|
|
The
exhibition 'Room for Manoeuvre' features new works by Knowbotic Research
(KRcF), known for their advanced network and media projects since
the founding of the artist group in 1991. In a specially designed
audio-visual installation including four video projections, 'Room
for Manoeuvre' presents four 'vehicles'
of the that Knowbotic Research have developed for their current projects,
and places these vehicles in a series of hypothetical scenarios. The
exhibition explores the meaning of codes and actions in public spaces.

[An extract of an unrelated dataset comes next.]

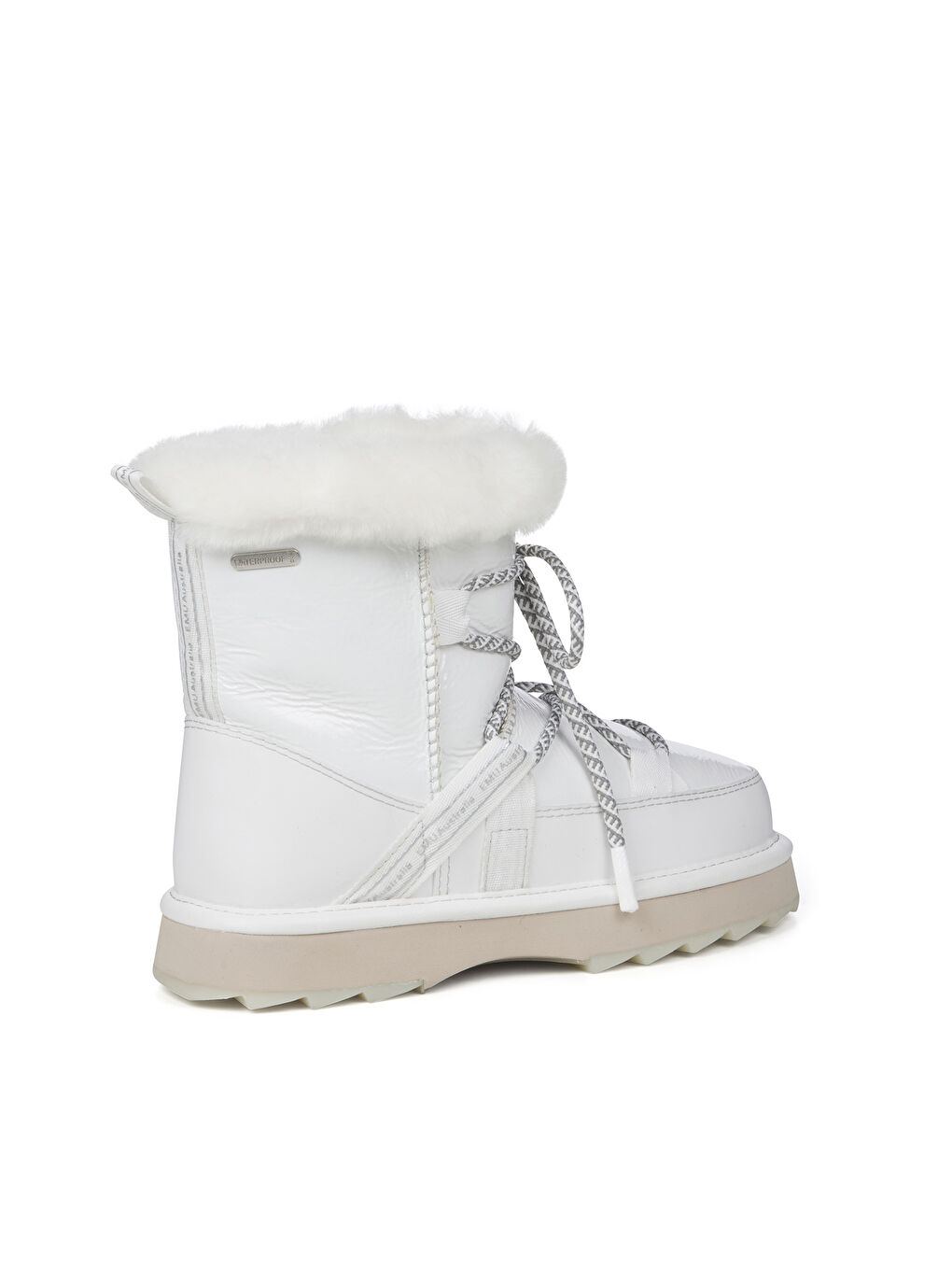 Blurred Glossy 2.0 Kadın Beyaz Bot-2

It proposes possibilities for acting through strategies of transcoding
in these spaces of power, of scientific knowledge, of surveillance,
and spaces of migration.
Going beyond these possibilities, the show suggests to the audience
that such 'vehicles' might in fact be used for other, self-designed
purposes. The show came about as a result of an invitation by Alenka
Gregoric from Škuc
Gallery, almost two years ago, to curate an exhibition that
would show how the divide between the so-called media art world and
the contemporary art world is withering away. Now in the 15th year
of their extremely fruitful collaboration as a group, recent projects
by Knowbotic Research appeared as a perfect way of showing how the
contemporary art discourse is no longer hung up on its former technophobia,
while at the same time artists are becoming much more versed in understanding
the limitations and the potential of digital and other technologies
as artistic means.
Presenting this show at Škuc is a great honour, both because of the
gallery's fame as a home to the younger European art avantgarde, and
because Ljubljana has played such a crucial role for reinventing contemporary
art in the face of the network and digital culture.